Re: [PATCH 5/5] x86/kvm: Add KVM_FEATURE_MSI_EXT_DEST_ID

From: David Woodhouse
Date: Mon Oct 12 2020 - 12:06:52 EST


On Mon, 2020-10-12 at 11:33 +0200, Thomas Gleixner wrote:
> On Sun, Oct 11 2020 at 22:15, David Woodhouse wrote:
> > On 11 October 2020 18:12:08 BST, Thomas Gleixner <tglx@xxxxxxxxxxxxx> wrote:
> > > On Sat, Oct 10 2020 at 12:58, David Woodhouse wrote:
> > > > On 10 October 2020 12:44:10 BST, Thomas Gleixner <tglx@xxxxxxxxxxxxx>
> > >
> > > wrote:
> > > > Yeah. There's some muttering to be done for HPET about whether it's
> > > > *its* MSI domain or whether it's the parent domain. But I'll have a
> > > > play. I think we'll be able to drop the whole
> > > > irq_remapping_get_irq_domain() thing.
> > >
> > > That would be really nice.
> >
> > I can make it work for HPET if I fix up the point at which the IRQ
> > remapping code registers a notifier on the platform bus. (At IRQ remap
> > setup time is too early; when it registers the PCI bus notifier is too
> > late.)
> >
> > IOAPIC is harder though as the platform bus doesn't even exist that
> > early. Maybe an early platform bus is possible but it would have to
> > turn out particularly simple to do, or I'd need to find another use
> > case too, to justify it. Will continue to play....
>
> You might want to look into using irq_find_matching_fwspec() instead for
> both HPET and IOAPIC. That needs a select() callback implemented in the
> remapping domains.

That works.
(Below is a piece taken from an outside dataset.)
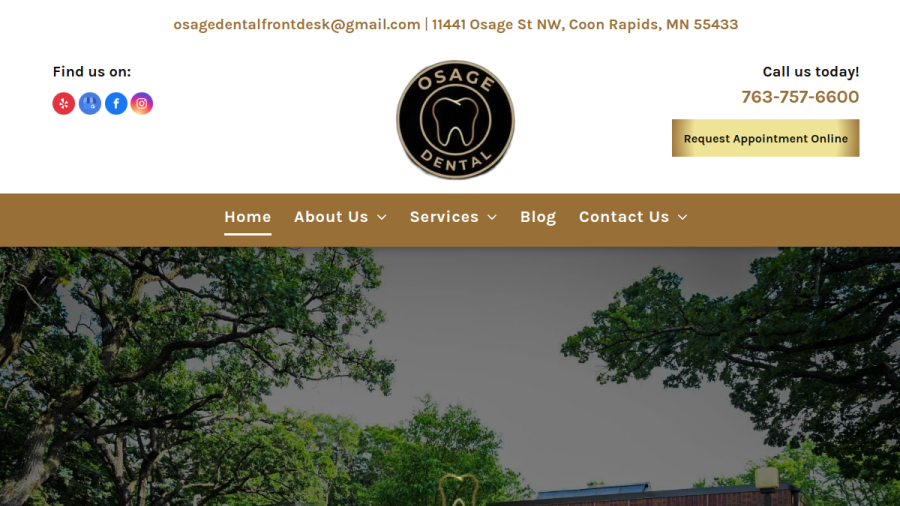Osage Dental Associates website screenshot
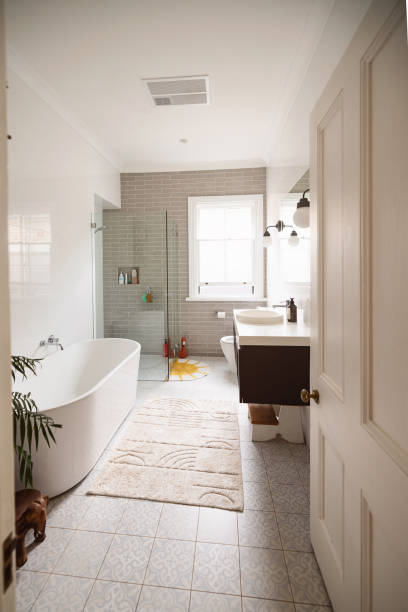 istock Modern Bathroom With Freestanding Tub and Stylish Interior Design 2196387293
Pushed (along with that trivial HPET MSI fixup) to
https://git.infradead.org/users/dwmw2/linux.git/shortlog/refs/heads/ext_dest_id

Briefly tested with I/OAPIC with and without Intel remapping in qemu,
not tested for HPET because I haven't worked out how to get qemu to do
HPET-MSI yet.

David Woodhouse (8):
genirq/irqdomain: Implement get_name() method on irqchip fwnodes
x86/apic: Add select() method on vector irqdomain
iommu/amd: Implement select() method on remapping irqdomain
iommu/vt-d: Implement select() method on remapping irqdomain
iommu/hyper-v: Implement select() method on remapping irqdomain
x86/hpet: Use irq_find_matching_fwspec() to find remapping irqdomain
x86/ioapic: Use irq_find_matching_fwspec() to find remapping irqdomain
x86: Kill all traces of irq_remapping_get_irq_domain()
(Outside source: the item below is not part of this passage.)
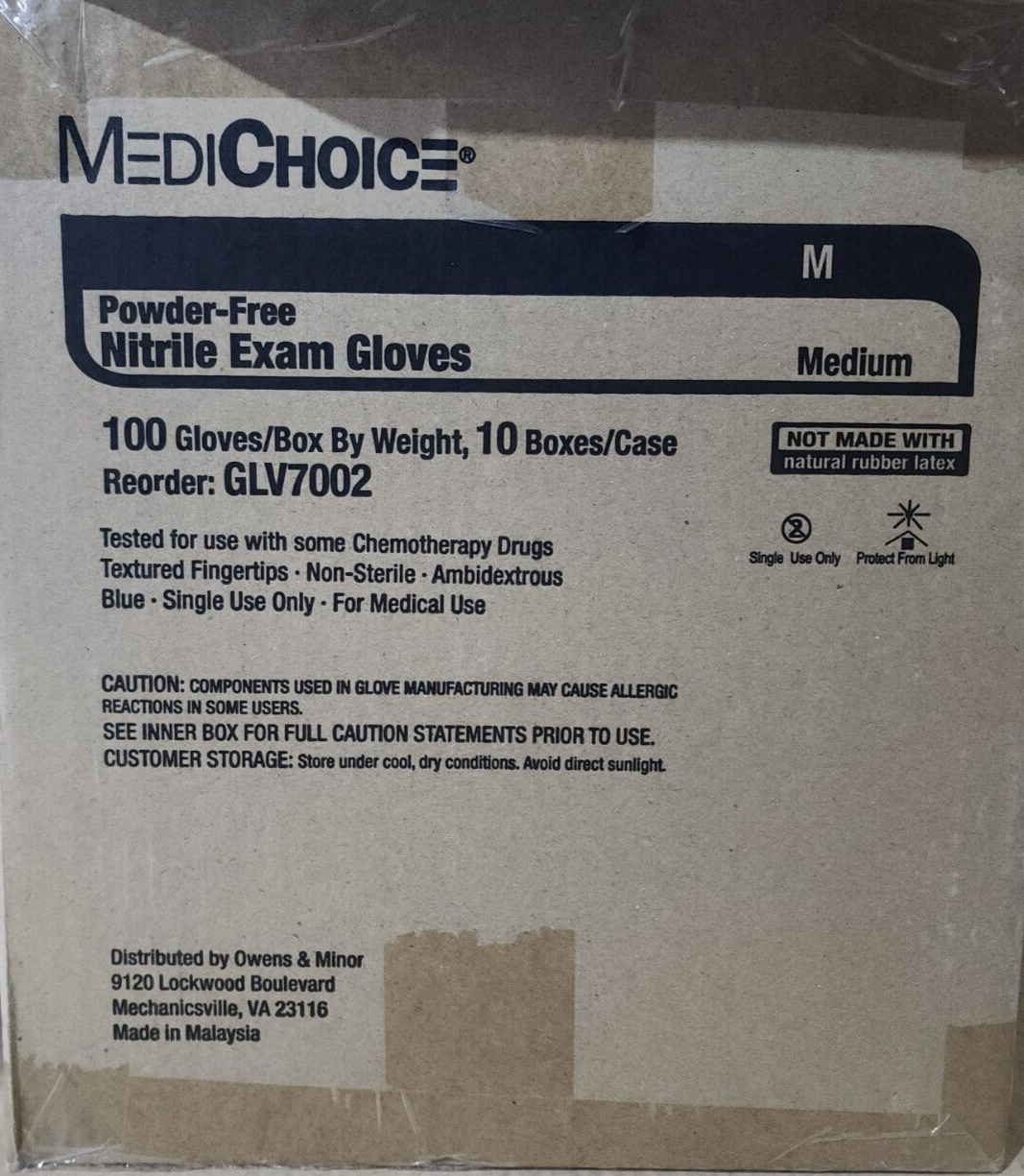 MediChoice BLUE Nitrile Exam Gloves Powder Free Latex Free Medium 1000count Case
arch/x86/include/asm/hw_irq.h | 2 --
arch/x86/include/asm/irq_remapping.h | 9 ------
arch/x86/include/asm/irqdomain.h | 3 ++
arch/x86/kernel/apic/io_apic.c | 21 ++++++--------
arch/x86/kernel/apic/vector.c | 52 +++++++++++++++++++++++++++++++++++
arch/x86/kernel/hpet.c | 23 +++++++++-------
drivers/iommu/amd/iommu.c | 53 +++++++++++++-----------------------
drivers/iommu/hyperv-iommu.c | 18 ++++++------
drivers/iommu/intel/irq_remapping.c | 30 +++++++++-----------
drivers/iommu/irq_remapping.c | 14 ----------
drivers/iommu/irq_remapping.h | 3 --
kernel/irq/irqdomain.c | 11 +++++++-
12 files changed, 128 insertions(+), 111 deletions(-)
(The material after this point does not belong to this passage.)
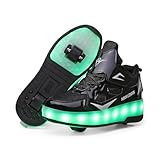 HUSKSWARE Kinder Schuhe mit Rollen – LED Sneaker 2 Rollen, USB aufladbar, Farbwechsel Licht, Skateboard Schuhe Jungen Mädchen, Rollschuhe Sportlich, Schwarz Rosa Gold Silber Weiß, Größe 28–41 EU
diff --git a/arch/x86/include/asm/hw_irq.h b/arch/x86/include/asm/hw_irq.h
index aabd8f1b6bb0..aef795f17478 100644
--- a/arch/x86/include/asm/hw_irq.h
+++ b/arch/x86/include/asm/hw_irq.h
@@ -40,8 +40,6 @@ enum irq_alloc_type {
X86_IRQ_ALLOC_TYPE_PCI_MSIX,
X86_IRQ_ALLOC_TYPE_DMAR,
X86_IRQ_ALLOC_TYPE_UV,
- X86_IRQ_ALLOC_TYPE_IOAPIC_GET_PARENT,
- X86_IRQ_ALLOC_TYPE_HPET_GET_PARENT,
};

struct ioapic_alloc_info {
diff --git a/arch/x86/include/asm/irq_remapping.h b/arch/x86/include/asm/irq_remapping.h
index af4a151d70b3..7cc49432187f 100644
--- a/arch/x86/include/asm/irq_remapping.h
+++ b/arch/x86/include/asm/irq_remapping.h
@@ -44,9 +44,6 @@ extern int irq_remapping_reenable(int);
extern int irq_remap_enable_fault_handling(void);
extern void panic_if_irq_remap(const char *msg);

-extern struct irq_domain *
-irq_remapping_get_irq_domain(struct irq_alloc_info *info);
-
/* Create PCI MSI/MSIx irqdomain, use @parent as the parent irqdomain. */
extern struct irq_domain *
arch_create_remap_msi_irq_domain(struct irq_domain *par, const char *n, int id);
@@ -71,11 +68,5 @@ static inline void panic_if_irq_remap(const char *msg)
{
}

-static inline struct irq_domain *
-irq_remapping_get_irq_domain(struct irq_alloc_info *info)
-{
- return NULL;
-}
-
#endif /* CONFIG_IRQ_REMAP */
#endif /* __X86_IRQ_REMAPPING_H */
diff --git a/arch/x86/include/asm/irqdomain.h b/arch/x86/include/asm/irqdomain.h
index cd684d45cb5f..2fc85f523ace 100644
--- a/arch/x86/include/asm/irqdomain.h
+++ b/arch/x86/include/asm/irqdomain.h
@@ -12,6 +12,9 @@ enum {
X86_IRQ_ALLOC_LEGACY = 0x2,
};

+int x86_fwspec_is_ioapic(struct irq_fwspec *fwspec);
+int x86_fwspec_is_hpet(struct irq_fwspec *fwspec);
+
extern struct irq_domain *x86_vector_domain;

extern void init_irq_alloc_info(struct irq_alloc_info *info,
diff --git a/arch/x86/kernel/apic/io_apic.c b/arch/x86/kernel/apic/io_apic.c
index ca2da19d5c55..f6a5b9f887aa 100644
--- a/arch/x86/kernel/apic/io_apic.c
+++ b/arch/x86/kernel/apic/io_apic.c
@@ -2305,36 +2305,33 @@ static inline void __init check_timer(void)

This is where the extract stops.